▶ _The task_: Exactly as written, output each of the lines below, with no images.

▶ _Recorded data_:
+ + + + +

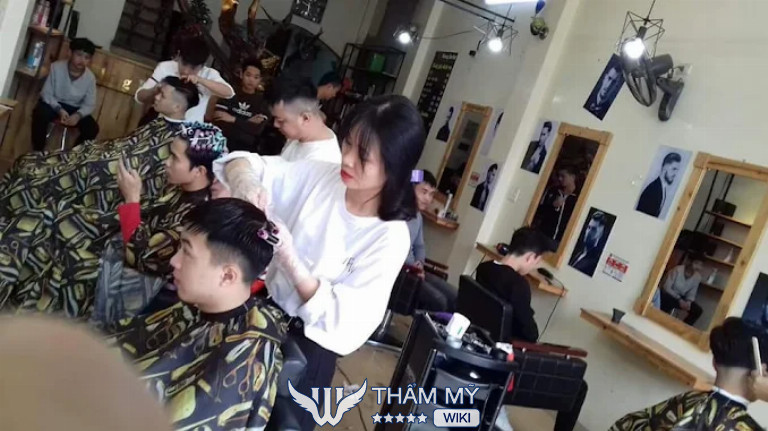 Tiệm cắt tóc nam ở Thái Bình - Khang Barber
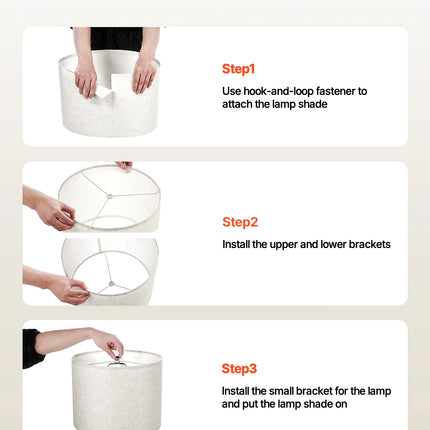 Drum Lamp Shade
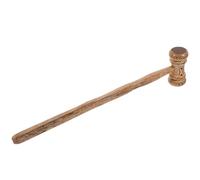 GALPADA Marteau de Juge Bois Portable avec Prise Confortable Marteau Enchères Compact pour Avocat Juge et Commissaire Priseur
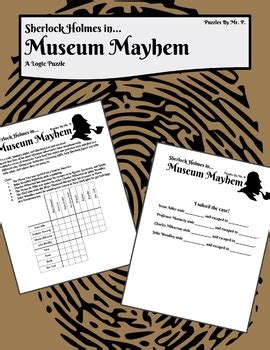 Logic Lesson 1 Sherlock Holmes Answer Key Kindle Editon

+ + + + +

▶ _Output_:
 Tiệm cắt tóc nam ở Thái Bình - Khang Barber
 Drum Lamp Shade
 GALPADA Marteau de Juge Bois Portable avec Prise Confortable Marteau Enchères Compact pour Avocat Juge et Commissaire Priseur
 Logic Lesson 1 Sherlock Holmes Answer Key Kindle Editon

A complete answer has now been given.